IF you are a property owner affected by HS2 and live within certain parameters and the route in your area has been ‘safeguarded’, you can sell your property to HS2 Ltd.

They are offering 110 per cent of the market value plus all legal and removal expenses. But what about tenants?

In the Hybrid Bill for Phase 1, it states that ‘under some circumstances tenants who rent properties may be entitled to a payment of £5,800 plus reasonable moving expenses’.

The Bill places full responsibility on each affected local authority to re-house affected tenants.

We have to ask how many local authorities have sufficient housing stock to cater for this demand created by HS2. I fear the answer will be none.

Surely each tenant should expect to be re-housed in the equivalent of the property that he or she has to vacate; especially those who are perfectly happy living where they do and, were it not for HS2, would not have contemplated moving elsewhere.

The chances of being re-housed in a similar property are less than zero.
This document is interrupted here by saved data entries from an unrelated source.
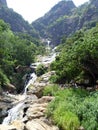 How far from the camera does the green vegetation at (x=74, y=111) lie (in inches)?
808

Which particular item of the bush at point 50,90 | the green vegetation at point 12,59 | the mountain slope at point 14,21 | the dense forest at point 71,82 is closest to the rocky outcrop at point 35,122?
the dense forest at point 71,82

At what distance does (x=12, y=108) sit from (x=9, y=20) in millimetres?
130588

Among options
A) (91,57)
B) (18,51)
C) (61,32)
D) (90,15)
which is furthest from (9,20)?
(91,57)

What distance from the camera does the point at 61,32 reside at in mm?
175375

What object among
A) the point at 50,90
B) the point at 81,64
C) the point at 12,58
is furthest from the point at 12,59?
the point at 81,64

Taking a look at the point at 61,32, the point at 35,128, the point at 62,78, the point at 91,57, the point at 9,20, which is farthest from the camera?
the point at 61,32

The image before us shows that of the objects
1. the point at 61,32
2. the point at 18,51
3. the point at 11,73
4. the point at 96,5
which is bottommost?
the point at 11,73

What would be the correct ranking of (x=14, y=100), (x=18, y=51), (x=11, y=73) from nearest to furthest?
(x=14, y=100)
(x=11, y=73)
(x=18, y=51)

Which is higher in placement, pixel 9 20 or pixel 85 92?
pixel 9 20

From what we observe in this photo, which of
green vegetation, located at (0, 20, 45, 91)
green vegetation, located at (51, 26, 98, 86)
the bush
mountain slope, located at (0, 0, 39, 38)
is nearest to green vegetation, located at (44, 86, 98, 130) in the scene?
the bush

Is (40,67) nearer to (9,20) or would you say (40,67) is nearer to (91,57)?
(91,57)

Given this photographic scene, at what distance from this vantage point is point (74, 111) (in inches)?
877

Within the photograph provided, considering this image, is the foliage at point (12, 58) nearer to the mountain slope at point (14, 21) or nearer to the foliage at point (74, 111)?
the foliage at point (74, 111)

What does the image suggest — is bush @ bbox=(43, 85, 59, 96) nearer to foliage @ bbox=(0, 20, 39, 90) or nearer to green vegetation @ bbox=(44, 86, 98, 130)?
green vegetation @ bbox=(44, 86, 98, 130)
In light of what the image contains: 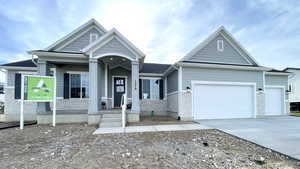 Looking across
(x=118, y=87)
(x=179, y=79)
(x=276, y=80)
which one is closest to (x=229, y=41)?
(x=179, y=79)

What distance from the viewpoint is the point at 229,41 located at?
10.1 m

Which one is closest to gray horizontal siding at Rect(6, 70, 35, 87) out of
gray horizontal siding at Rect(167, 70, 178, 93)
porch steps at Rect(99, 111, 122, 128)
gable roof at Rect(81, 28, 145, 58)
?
gable roof at Rect(81, 28, 145, 58)

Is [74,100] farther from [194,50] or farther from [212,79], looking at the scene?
[212,79]

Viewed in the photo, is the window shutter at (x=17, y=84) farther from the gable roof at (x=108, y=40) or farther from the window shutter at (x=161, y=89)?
the window shutter at (x=161, y=89)

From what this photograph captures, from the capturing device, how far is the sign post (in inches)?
285

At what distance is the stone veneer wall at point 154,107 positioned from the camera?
38.0ft

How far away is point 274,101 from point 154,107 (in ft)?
32.2

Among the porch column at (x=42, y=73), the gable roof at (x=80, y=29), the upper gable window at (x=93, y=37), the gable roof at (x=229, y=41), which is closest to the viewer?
the porch column at (x=42, y=73)

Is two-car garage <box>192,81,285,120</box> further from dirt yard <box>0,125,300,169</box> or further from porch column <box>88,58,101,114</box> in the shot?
porch column <box>88,58,101,114</box>

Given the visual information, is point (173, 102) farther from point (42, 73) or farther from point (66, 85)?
point (42, 73)

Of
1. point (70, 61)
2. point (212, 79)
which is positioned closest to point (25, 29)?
point (70, 61)

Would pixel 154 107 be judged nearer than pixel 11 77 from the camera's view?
No

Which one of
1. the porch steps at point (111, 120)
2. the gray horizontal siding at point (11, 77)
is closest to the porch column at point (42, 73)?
the gray horizontal siding at point (11, 77)

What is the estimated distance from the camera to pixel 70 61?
8.45m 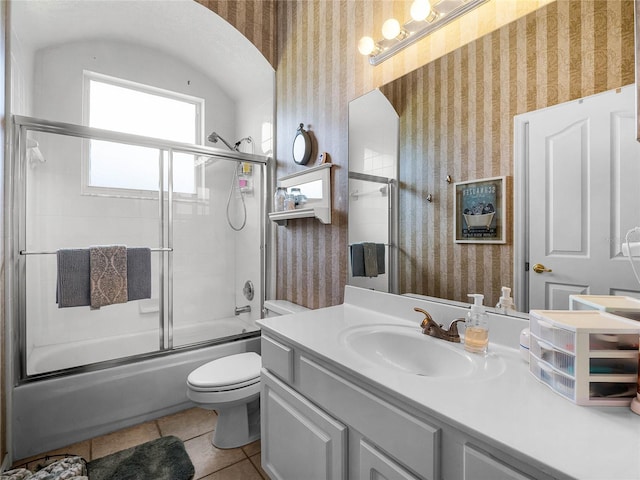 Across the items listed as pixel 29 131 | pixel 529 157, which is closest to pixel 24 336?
pixel 29 131

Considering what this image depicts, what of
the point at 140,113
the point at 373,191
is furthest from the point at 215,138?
the point at 373,191

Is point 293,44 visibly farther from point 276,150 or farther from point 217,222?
point 217,222

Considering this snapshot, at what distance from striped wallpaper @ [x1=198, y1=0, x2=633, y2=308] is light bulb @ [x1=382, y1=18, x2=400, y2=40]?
0.32 ft

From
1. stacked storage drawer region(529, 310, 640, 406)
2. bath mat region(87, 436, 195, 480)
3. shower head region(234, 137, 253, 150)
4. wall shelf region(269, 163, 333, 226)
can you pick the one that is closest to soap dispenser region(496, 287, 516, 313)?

It should be borne in mind that the current legislation covering Phase 1 treats them as an afterthought - one small paragraph - and as distinctly second class citizens.

So I suggest that a scale of compensation be created based upon the length of time spent in the property.

For example, for every six months of occupation, up to a maximum of five years occupation, the equivalent of three months rent.

Thus for two years occupation the tenant would receive the equivalent of one year’s rental and for five years the equivalent of 30 months rental; which at £600pcm would equate to £18,000.

Add the £10,000 ‘reasonable costs of removal’ and the tenant would receive £28,000 compensation, enough to fund the finding of a new rental property of a similar nature, without having to rely on his or her local authority to house them.